Take the novocaine or something. I am just pointing out that there are
obvious safe fallbacks, AND ...
> helpful if you told us in the beginning.
>
> > But 10% better is 10% more experiment for each timeslot
> > for each group of investigators.
You see?
> > > you referring to?
> > Any X that is not a standard FS. Yes, I agree, not exact.
>
> So, your extensions are going to be "more" mainstream than OpenGFS / OCFS etc?
Quite possibly/probably. Let's see how it goes, shall we?
Do you want to shoot down returning the index of the inode in get_block
in order that we can do a wlock on that index before the io to
the file takes place? Not sufficient in itself, but enough to be going
on with, and enough for FS's that are reasonable in what they do.

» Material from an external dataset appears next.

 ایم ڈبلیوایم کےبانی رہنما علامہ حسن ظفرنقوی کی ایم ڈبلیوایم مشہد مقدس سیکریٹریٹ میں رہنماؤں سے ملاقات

Then we need to drop the dcache entry nonlocally.
> What the hell have you been smoking?
Unfortunately nothing at all, let alone worthwhile.

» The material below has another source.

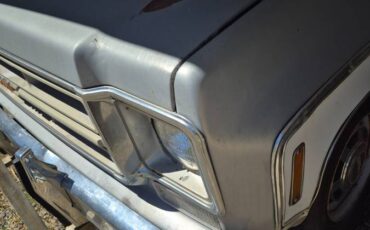Gmc-sierra-2500-1976-silver-3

> It has become apparent in the discussion that you are optimizing for a very
To you, perhaps, not to me. What I am thinking about is a data analysis
farm, handling about 20GB/s of input data in real time, with numbers
of nodes measured in the thousands, and network raided internally. Well,
you'd need a thousand nodes on the first ring alone just to stream
to disk at 20MB/s per node, and that will generate three to six times
that amount of internal traffic just from the raid. So aggregate
bandwidth in the first analysis ring has to be order of 100GB/s.
If the needs are special, it's because of the magnitude of the numbers,
not because of any special quality.
> rare special case. OpenGFS, Lustre etc at least try to remain useable for
> generic filesystem operation.
>
> That it won't be mainstream is wrong about _your_ approach, not about those
> "off the shelves" solutions.
I'm willing to look at everything.
> And your special "optimisations" (like, no caching, no journaling...) are
> supposed to be 10% _faster_ overall than these which are - to a certain extent
Yep. Caching looks irrelevant because we read once and write once, by
and large. You could argue that we write once and read once, which
would make caching sensible, but the data streams are so large to make
it likely that caches would be flooded out anyway. Buffering would be
irrelevant except inasmuch as it allows for asynchronous operation.
And the network is so involved in this that I would really like to get
rid of the current VMS however I could (it causes pulsing behaviour,
which is most disagreeable).
> - from the ground up optimised for this case?
>
> One of us isn't listening while clue is knocking.
You have an interesting bedtime story manner.
> Now it might be me, but then I apologize for having wasted your time and will
> stand corrected as soon as you have produced working code.
Shrug.
> Until then, have fun. I feel like I am wasting both your and my time, and this
> isn't strictly necessary.
!!
There's no argument. I'm simply looking for entry points to the code.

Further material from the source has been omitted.